Dans son ancienne mais indispensable édition scolaire de Virgile, (1), F. Plessis et P. Lejay font état d’une remarque de Servius, le commentateur antique du poète : c’est à propos des vers 719-720 du chant VI de l’Énéide, où Énée s’adresse ainsi à son père Anchise, qu’il a retrouvé aux Enfers : O pater, anne aliquas ad caelum hinc ire putandum est / sublimes animas […] ? « Ô père, faut-il donc penser qu’il se trouve des âmes prêtes à partir d’ici pour remonter sous le ciel […] ? » (trad. P. Veyne) Voici la note de l’édition Plessis-Lejay :

Servius remarque que Virgile innove en supprimant inquit Aeneas [« dit Énée »] : Nova brevitas ; nam dicendo o pater qui loquatur ostenditur [« Concision d’un nouveau genre ; en effet, c’est l’expression "ô père" qui indique le locuteur »]. Les Anciens avaient besoin de ces indications, parce que leur littérature était parlée et que même la lecture solitaire se faisait à haute voix. On peut comparer la façon dont les gens du peuple rapportent un dialogue : « qu’il me dit ; … que je lui dis ». La suppression de ces étais dénote un raffinement littéraire.

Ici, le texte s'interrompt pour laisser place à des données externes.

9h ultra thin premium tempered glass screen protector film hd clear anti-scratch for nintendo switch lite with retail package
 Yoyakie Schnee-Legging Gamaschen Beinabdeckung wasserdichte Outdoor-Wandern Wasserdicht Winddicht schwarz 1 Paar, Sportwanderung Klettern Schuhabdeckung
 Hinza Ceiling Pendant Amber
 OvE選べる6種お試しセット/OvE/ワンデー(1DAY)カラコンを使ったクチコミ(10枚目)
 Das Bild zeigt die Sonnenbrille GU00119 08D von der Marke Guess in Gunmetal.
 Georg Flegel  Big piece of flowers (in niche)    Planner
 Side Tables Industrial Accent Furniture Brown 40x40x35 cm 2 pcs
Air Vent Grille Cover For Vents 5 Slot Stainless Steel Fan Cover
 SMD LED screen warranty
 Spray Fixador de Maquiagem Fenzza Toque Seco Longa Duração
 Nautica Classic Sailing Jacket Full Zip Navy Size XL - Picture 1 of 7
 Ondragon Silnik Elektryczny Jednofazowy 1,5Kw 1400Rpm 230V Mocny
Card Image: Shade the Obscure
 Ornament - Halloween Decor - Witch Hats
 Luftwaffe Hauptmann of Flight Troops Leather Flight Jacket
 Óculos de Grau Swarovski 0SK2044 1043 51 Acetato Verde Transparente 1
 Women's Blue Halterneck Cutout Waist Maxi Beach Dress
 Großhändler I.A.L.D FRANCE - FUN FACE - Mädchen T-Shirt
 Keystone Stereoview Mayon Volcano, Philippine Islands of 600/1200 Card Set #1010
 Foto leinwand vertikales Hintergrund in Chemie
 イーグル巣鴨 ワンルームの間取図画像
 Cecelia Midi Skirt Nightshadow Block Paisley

Il fallait un lecteur ancien comme Servius pour repérer un tel écart par rapport aux pratiques narratives accoutumées : loin d’être frappés par une concision inhabituelle dans ce vers, nous serions plutôt gênés par la lourdeur d’une formule trop insistante. D’une façon générale, il est intéressant de voir s’esquisser comme des nouveautés dans la littérature narrative antique des techniques de récit qui deviendront communes avec l’essor du roman moderne, tels les modes d’insertion du discours rapporté. On en trouverait maint exemple dans le « roman » gréco-romain, chez Apulée, Chariton ou Héliodore.

1. Paris, 1913.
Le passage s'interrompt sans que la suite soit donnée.